Privatization Against Popular Struggles

The most nefarious aspect of the proposed program is that almost half of the 132 conservation units offered for ‘adoption’ in its first phase are natural reserves that are the result of popular struggles by the populations living in those areas in an ecologically sustainable form. Up till now, eight conservation units have been adopted, two of them by Heineken and Carrefour. The two in question have for years been legally designated as extractive reserves (reserva extrativista – RESEX) that are administered jointly by the federal state and the populations who live in those areas.

The Amazon is not a product of nature, but rather, a product of the millennial exchange between human populations and the natural environment. From the beginning of the colonial invasion of Brazil, some of the natural areas in the Amazon were cleared for agriculture, cities, or mining projects. A considerable part of the populations that came to Brazil from Africa, Europe, and Asia joined the Amerindian populations in their traditional way of life, living from the bounty of the forest and water areas, without tearing down the forest, enabling the resident populations even today to sell some of the forest products to local markets without entering into relations of workforce exploitation. More importantly, the access to natural territories facilitates not only access to food, and thus provides some degree of autonomy from the monetized economy, but is also the basis for community life and the social reproduction that takes place in these territories.

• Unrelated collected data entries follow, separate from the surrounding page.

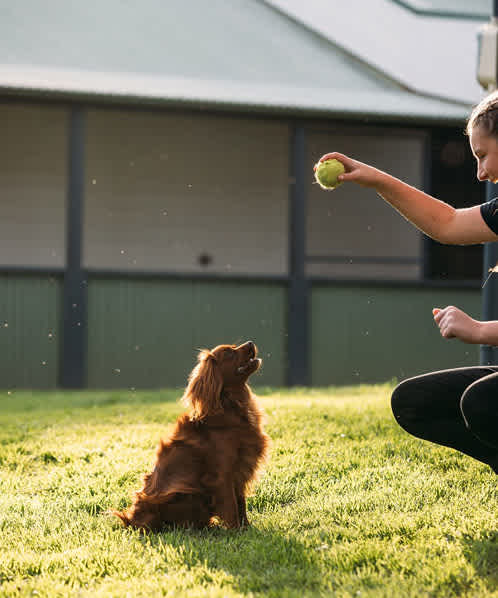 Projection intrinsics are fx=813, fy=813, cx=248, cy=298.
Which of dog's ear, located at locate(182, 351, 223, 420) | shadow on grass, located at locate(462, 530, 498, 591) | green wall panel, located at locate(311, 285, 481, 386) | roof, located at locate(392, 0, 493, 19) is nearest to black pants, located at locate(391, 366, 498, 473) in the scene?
shadow on grass, located at locate(462, 530, 498, 591)

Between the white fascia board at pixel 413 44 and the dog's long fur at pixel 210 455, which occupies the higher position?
the white fascia board at pixel 413 44

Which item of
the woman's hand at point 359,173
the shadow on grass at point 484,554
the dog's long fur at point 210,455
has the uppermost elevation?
the woman's hand at point 359,173

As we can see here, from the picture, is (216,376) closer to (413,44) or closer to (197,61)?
(197,61)

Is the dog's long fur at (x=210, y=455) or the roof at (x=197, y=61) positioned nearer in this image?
the dog's long fur at (x=210, y=455)

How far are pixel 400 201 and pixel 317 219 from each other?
10071 mm

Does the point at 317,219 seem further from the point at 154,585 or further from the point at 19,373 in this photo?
the point at 154,585

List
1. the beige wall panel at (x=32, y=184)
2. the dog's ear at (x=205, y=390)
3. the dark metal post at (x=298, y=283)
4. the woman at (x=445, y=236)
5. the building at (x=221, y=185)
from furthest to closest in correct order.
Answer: the beige wall panel at (x=32, y=184), the dark metal post at (x=298, y=283), the building at (x=221, y=185), the dog's ear at (x=205, y=390), the woman at (x=445, y=236)

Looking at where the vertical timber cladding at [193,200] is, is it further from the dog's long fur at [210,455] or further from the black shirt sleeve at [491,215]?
the black shirt sleeve at [491,215]

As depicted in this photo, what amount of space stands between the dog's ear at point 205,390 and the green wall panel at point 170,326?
715 cm

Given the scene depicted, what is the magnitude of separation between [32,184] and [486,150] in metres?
10.5

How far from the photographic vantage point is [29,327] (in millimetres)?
10914

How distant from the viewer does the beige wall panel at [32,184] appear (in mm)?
12680

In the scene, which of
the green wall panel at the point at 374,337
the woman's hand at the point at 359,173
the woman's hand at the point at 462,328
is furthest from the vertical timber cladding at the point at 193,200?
the woman's hand at the point at 462,328

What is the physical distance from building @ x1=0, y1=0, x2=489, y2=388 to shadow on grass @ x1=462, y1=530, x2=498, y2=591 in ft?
26.0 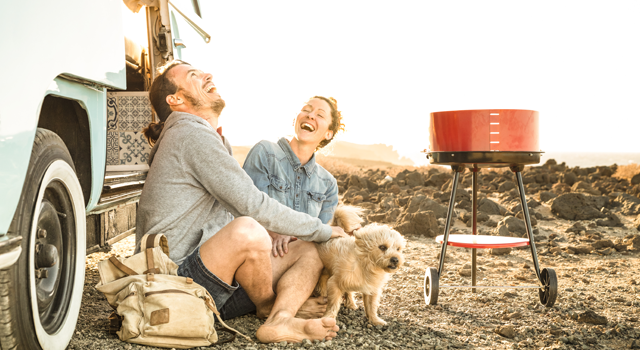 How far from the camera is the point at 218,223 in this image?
2.73 m

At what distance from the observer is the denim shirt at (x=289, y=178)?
3242 millimetres

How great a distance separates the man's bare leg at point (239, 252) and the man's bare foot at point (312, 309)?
0.45m

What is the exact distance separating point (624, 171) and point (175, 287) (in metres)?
14.5

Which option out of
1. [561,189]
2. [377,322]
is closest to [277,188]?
[377,322]

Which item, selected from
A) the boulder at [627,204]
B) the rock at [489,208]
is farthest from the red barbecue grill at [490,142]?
the boulder at [627,204]

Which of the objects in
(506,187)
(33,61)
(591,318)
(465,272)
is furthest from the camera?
(506,187)

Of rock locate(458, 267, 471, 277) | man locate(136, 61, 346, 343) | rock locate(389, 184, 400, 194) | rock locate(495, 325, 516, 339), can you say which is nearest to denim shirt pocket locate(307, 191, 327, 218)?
man locate(136, 61, 346, 343)

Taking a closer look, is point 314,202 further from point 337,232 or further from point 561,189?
point 561,189

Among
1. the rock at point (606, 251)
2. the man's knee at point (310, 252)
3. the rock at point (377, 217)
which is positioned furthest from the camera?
the rock at point (377, 217)

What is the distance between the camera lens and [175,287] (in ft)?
7.33

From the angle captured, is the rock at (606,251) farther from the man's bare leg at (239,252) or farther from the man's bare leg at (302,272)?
the man's bare leg at (239,252)

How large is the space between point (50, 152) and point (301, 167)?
5.35 feet

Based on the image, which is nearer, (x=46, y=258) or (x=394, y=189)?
(x=46, y=258)

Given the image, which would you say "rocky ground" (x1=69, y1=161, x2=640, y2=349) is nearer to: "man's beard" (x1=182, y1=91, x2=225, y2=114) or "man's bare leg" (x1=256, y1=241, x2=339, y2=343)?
"man's bare leg" (x1=256, y1=241, x2=339, y2=343) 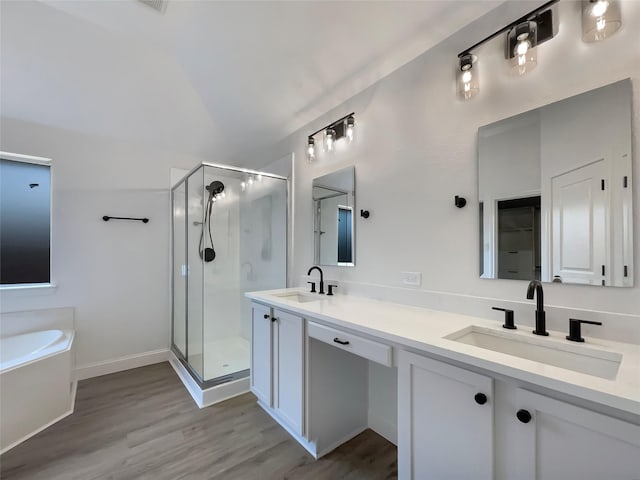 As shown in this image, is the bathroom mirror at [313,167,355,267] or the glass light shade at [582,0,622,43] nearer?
the glass light shade at [582,0,622,43]

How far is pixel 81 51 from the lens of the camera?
87.4 inches

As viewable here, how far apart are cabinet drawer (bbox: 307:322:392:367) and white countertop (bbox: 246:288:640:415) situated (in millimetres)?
48

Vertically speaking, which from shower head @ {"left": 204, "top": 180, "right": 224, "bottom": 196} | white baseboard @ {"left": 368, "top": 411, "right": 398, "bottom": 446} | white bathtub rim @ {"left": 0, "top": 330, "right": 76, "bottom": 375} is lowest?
white baseboard @ {"left": 368, "top": 411, "right": 398, "bottom": 446}

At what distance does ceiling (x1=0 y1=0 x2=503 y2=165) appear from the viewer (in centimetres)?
173

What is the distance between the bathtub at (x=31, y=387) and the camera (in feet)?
5.98

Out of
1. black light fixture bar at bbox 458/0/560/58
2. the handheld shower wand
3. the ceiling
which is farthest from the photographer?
the handheld shower wand

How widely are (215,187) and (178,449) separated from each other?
2271mm

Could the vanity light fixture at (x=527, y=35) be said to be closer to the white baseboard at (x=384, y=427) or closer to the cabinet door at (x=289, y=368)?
the cabinet door at (x=289, y=368)

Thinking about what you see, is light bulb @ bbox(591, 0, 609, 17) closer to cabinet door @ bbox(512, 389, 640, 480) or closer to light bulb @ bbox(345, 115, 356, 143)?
light bulb @ bbox(345, 115, 356, 143)

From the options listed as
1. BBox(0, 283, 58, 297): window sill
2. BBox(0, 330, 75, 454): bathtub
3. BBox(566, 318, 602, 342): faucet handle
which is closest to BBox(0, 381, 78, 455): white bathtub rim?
BBox(0, 330, 75, 454): bathtub

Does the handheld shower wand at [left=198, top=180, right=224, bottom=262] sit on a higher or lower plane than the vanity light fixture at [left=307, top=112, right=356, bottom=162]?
lower

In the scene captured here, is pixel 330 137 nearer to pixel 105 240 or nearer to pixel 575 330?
pixel 575 330

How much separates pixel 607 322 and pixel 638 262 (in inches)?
10.3

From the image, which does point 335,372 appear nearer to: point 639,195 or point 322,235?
point 322,235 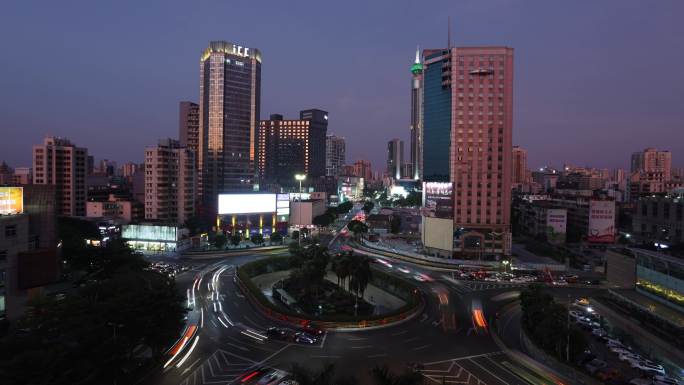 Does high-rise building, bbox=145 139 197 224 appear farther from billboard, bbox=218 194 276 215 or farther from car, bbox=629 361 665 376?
car, bbox=629 361 665 376

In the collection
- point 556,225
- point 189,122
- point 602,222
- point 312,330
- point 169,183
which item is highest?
point 189,122

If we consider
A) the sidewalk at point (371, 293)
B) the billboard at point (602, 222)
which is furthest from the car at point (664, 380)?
the billboard at point (602, 222)

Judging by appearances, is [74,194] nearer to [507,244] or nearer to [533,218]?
[507,244]

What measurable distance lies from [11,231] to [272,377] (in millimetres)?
34327

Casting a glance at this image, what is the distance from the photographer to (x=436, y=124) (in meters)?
149

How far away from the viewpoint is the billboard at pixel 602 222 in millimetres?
99125

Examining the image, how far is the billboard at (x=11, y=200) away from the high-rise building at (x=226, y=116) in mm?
76328

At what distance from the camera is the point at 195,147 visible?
133625 millimetres

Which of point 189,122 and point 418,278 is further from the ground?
point 189,122

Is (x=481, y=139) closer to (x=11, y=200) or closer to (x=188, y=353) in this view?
(x=188, y=353)

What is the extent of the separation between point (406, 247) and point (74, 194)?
309 feet

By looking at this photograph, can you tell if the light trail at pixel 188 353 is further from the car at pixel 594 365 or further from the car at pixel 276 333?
the car at pixel 594 365

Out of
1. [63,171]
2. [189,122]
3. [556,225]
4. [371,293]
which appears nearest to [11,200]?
[371,293]

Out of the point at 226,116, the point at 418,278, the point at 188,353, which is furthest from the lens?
the point at 226,116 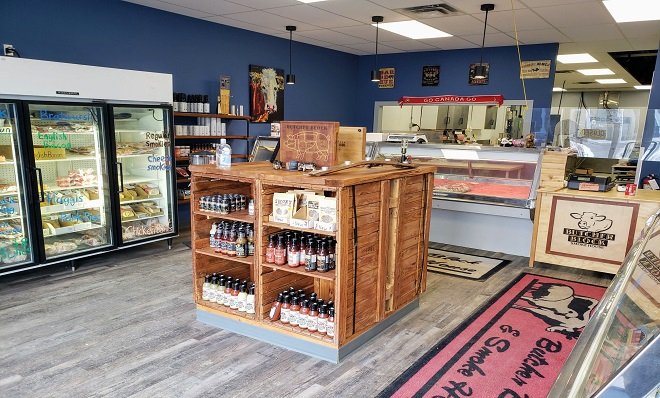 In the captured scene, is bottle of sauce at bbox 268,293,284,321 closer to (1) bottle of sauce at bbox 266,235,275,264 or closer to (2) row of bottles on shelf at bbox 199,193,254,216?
(1) bottle of sauce at bbox 266,235,275,264

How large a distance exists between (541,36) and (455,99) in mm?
1892

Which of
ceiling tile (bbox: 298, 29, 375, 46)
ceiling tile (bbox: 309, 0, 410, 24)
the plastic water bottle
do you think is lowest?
the plastic water bottle

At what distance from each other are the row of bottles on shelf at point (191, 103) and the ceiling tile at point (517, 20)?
12.6 feet

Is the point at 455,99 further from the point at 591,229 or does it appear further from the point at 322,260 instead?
the point at 322,260

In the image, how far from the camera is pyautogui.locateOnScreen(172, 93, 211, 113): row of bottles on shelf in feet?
19.9

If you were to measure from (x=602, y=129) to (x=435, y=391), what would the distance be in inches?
200

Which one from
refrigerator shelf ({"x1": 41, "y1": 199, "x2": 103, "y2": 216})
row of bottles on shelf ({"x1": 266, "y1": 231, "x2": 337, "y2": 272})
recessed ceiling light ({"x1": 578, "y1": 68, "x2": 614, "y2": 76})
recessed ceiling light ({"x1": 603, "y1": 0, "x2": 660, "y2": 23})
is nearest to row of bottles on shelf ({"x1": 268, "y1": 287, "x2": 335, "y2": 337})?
row of bottles on shelf ({"x1": 266, "y1": 231, "x2": 337, "y2": 272})

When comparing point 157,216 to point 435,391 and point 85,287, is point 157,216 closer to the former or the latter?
point 85,287

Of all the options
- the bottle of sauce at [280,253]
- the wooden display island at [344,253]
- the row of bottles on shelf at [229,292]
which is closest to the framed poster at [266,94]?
the wooden display island at [344,253]

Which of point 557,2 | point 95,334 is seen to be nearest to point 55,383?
point 95,334

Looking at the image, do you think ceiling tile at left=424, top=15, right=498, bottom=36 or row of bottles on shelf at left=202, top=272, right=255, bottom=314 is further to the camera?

One of the latest historical forms of this struggle for the maintenance of collective territories has been incorporated by the National Council of Extractivist Populations (CNS), which includes various traditional communities who live from the collection of fruits and nuts, fishing, and small-scale subsistence agriculture, thus helping keep the natural areas intact. The CNS was founded in 1985 as the National Council of Rubber Tappers by Chico Mendes and his comrades. Mendes received the UN Global 500 Prize in 1987 for his environmental engagement. He was assassinated in December 1988 by gunmen sent by large landowners with whom he had entered into conflict.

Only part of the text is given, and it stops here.